Black holes, as we all know, like eating stuff. When an object has the misfortune of getting trapped in a black hole’s gravitational well, massive tidal forces acting on it stretch it vertically through a process known as “spaghettification” — a process that culminates in an enormous burst of high-energy radiation as the object is swallowed by the black hole.

For the first time ever, scientists have been able to observe these “tidal disruption” flares in infrared wavelength by studying how dust particles surrounding black holes absorb and re-emit the light emitted during the death of stars.

“This is the first time we have clearly seen the infrared light echoes from multiple tidal disruption events,” Sjoert van Velzen, a postdoctoral fellow at Johns Hopkins University, Baltimore, and lead author of a study describing three such events, said in a statement. A fourth black hole was also caught in the act of swallowing a star by a team of researchers at the University of Science and Technology of China.
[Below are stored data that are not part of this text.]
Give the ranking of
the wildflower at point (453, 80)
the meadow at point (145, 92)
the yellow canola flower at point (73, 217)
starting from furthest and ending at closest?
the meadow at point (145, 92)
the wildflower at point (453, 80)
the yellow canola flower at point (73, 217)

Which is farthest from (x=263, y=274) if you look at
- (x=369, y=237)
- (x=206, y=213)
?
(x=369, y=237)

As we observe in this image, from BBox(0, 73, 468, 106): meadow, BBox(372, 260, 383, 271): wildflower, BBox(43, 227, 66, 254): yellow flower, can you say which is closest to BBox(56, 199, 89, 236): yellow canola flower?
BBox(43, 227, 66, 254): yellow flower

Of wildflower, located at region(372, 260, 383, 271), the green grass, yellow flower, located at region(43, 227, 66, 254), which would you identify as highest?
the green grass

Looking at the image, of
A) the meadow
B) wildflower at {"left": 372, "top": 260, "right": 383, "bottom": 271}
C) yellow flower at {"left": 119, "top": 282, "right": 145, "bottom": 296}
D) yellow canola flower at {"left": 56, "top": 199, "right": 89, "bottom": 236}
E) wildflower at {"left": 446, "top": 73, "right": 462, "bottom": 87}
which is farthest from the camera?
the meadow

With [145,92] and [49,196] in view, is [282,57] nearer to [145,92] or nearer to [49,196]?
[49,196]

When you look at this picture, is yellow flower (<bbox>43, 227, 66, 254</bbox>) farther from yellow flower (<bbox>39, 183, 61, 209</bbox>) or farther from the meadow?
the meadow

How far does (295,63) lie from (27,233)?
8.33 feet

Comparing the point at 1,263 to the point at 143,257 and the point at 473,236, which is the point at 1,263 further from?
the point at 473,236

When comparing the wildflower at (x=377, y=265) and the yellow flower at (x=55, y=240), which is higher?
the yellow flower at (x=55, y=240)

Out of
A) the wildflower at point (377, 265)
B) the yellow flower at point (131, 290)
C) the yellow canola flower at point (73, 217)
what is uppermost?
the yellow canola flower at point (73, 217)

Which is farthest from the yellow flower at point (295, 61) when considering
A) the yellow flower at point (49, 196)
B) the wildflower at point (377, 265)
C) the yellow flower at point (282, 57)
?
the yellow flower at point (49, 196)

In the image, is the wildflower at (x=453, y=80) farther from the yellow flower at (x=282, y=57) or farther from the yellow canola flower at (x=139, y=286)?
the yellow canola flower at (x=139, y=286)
Flares from black holes devouring stars contain high-energy radiation, including ultraviolet and X-ray light. Such flares destroy any dust located close to the black hole. However, dust particles manage to survive beyond the reach of the most intense radiation, and unlike the high-energy flares from black holes, the radiation emitted by this surviving dust is at longer, infrared wavelengths.

Scientists using NASA’s Wide-field Infrared Survey Explorer telescope were able to detect four such events by measuring the infrared glow of dust heated by the flares. They believe their findings can shed light not only how black holes feed, but also on the location of dust that encircles supermassive black holes at the centers of most galaxies.

“Our study confirms that the dust is there, and that we can use it to determine how much energy was generated in the destruction of the star,” Varoujan Gorjian, an astronomer at NASA’s Jet Propulsion Laboratory, Pasadena, California, who was part of the study led by van Velzen, said in the statement.